I've inexplicably got behind with my M C Beaton series, so when the latest Hamish Macbeth book, DEATH OF YESTERDAY, came for review I thought I'd better catch-up. Gone are the days it seems when a Hamish book came in at 160 pages if you were lucky, for DEATH OF A VALENTINE is nearly 300, not that I'm complaining as I love my time in Lochdubh.
The book opens with a shocking prologue – Hamish is standing at the aisle waiting for his bride to be to arrive. After twenty-five books is Hamish about to settle down? Flash back one year and we come in at the start of the events that lead Hamish ready to marry his fellow police-officer, Josie.
Hamish has been promoted again to sergeant which means that he needs a constable and Josie McSween, secretly besotted with Hamish, has got the job and thinks she'll be sharing Hamish's cosy police house in the sea-loch village of Lochdubh. Hamish acts swiftly and gets her alternative accommodation but that doesn't stop Josie from pursuing him, though Hamish remains blissfully unaware.
Hamish and Josie finally have a murder to solve when a local beauty queen is killed by a deadly Valentine's card. It seems that the young woman was not the quiet and retiring girl everyone thought and soon a list of suspects forms. Running alongside the investigation are Josie increasingly desperate attempts to get Hamish to notice her. The usual former girlfriends of Hamish make an appearance – Priscilla (briefly) and Elspeth - fuelling Josie's jealousy.

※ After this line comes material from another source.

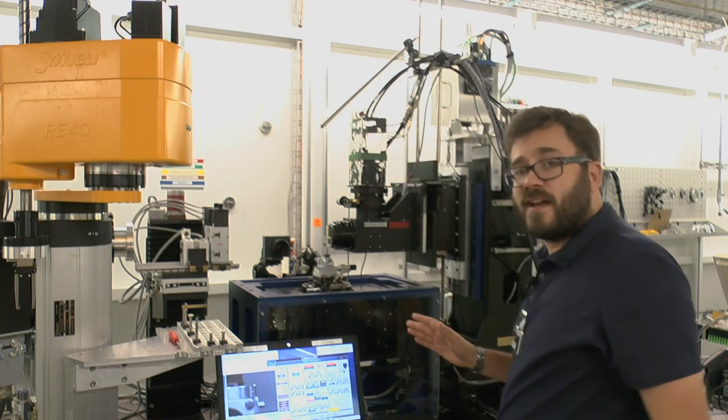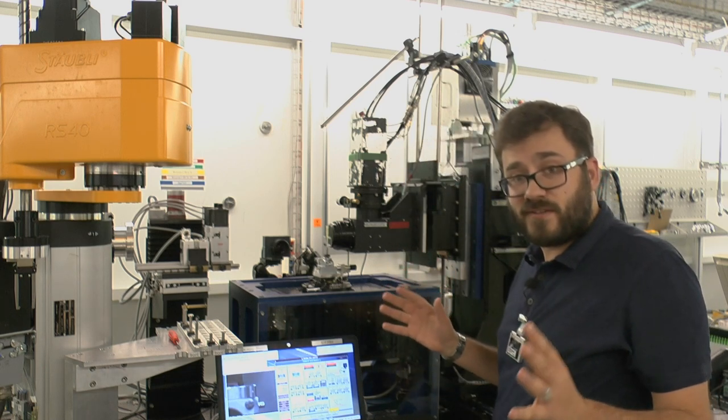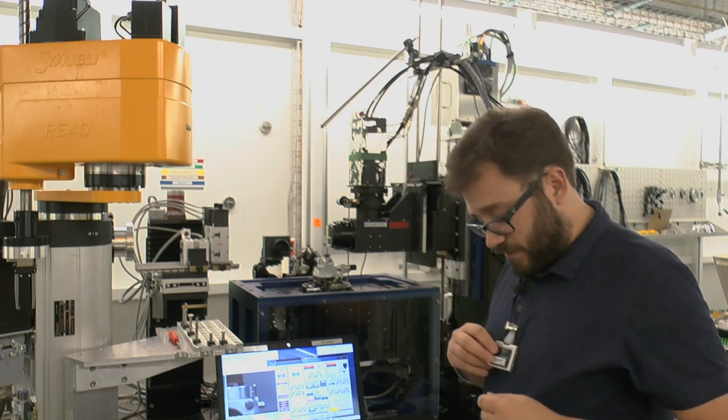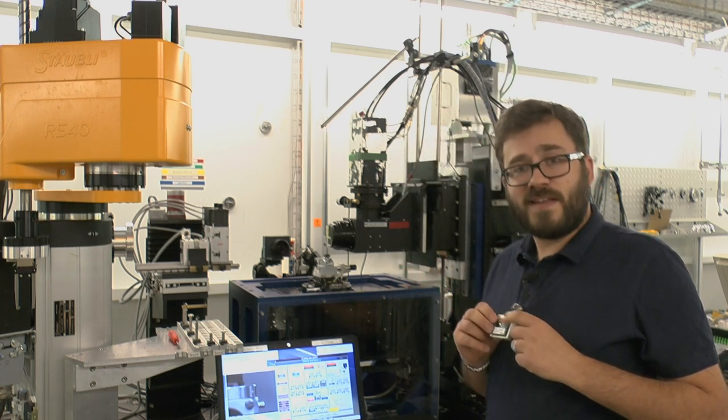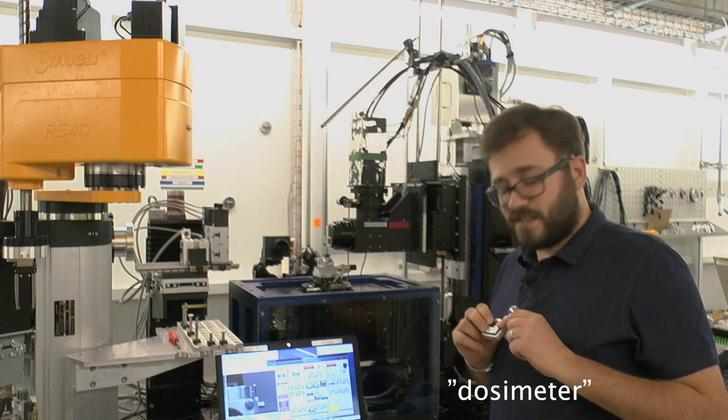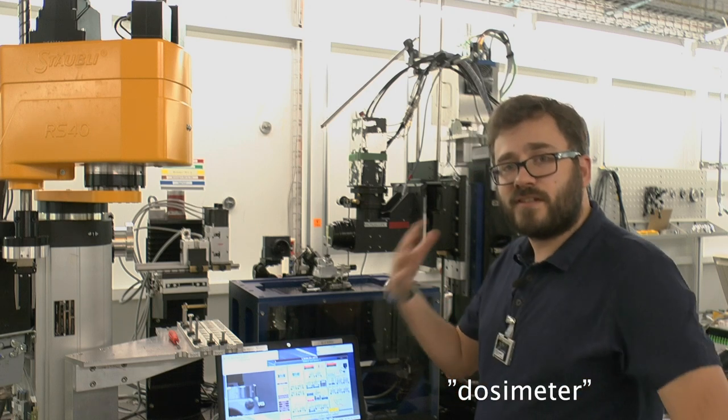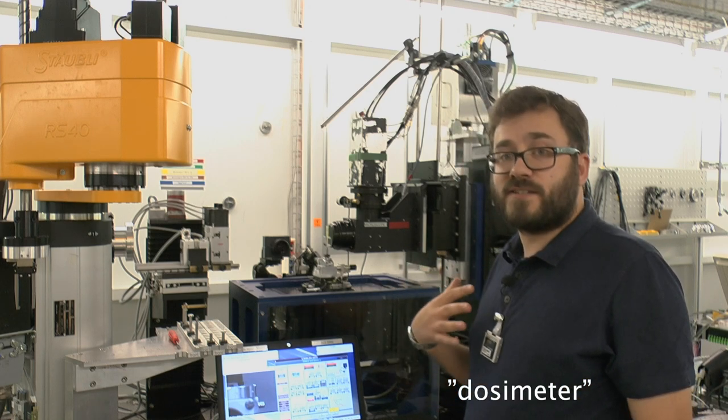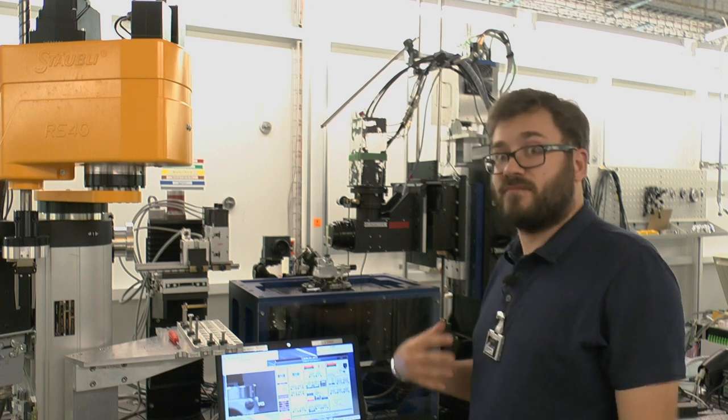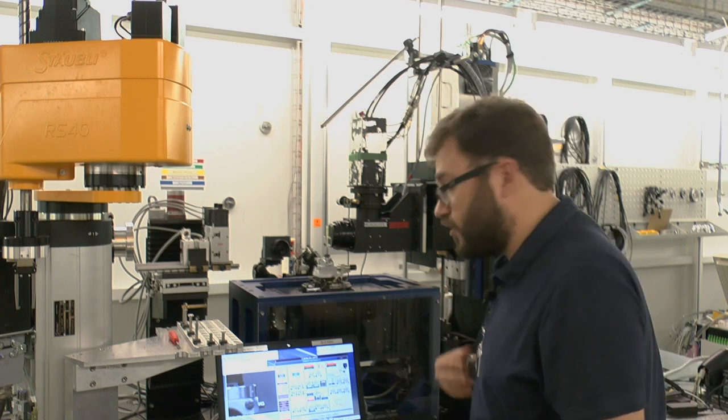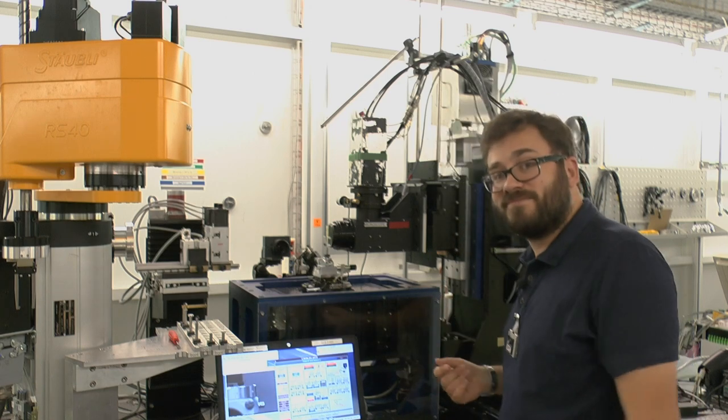So now it's ready to turn on the x-rays. And that's what this dosimeter is for. This is just to monitor how much radiation is getting picked up on me so I don't glow in the dark.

Though this is a cosy series, set in a fantasy Scotland which you wouldn't confuse with reality, DEATH OF A VALENTINE is quite a dark entry, it includes date-rape drugs and alcoholism as well as the usual infidelity and corruption. The tension comes more from whether Josie will get her man than solving the murder. Indeed the Josie subplot is quite a large part of the book which may explain its (relative) length. Overall, this is a solid entry in this long-running but timeless series, in which no-one gets any older, but it may not be the best place to start.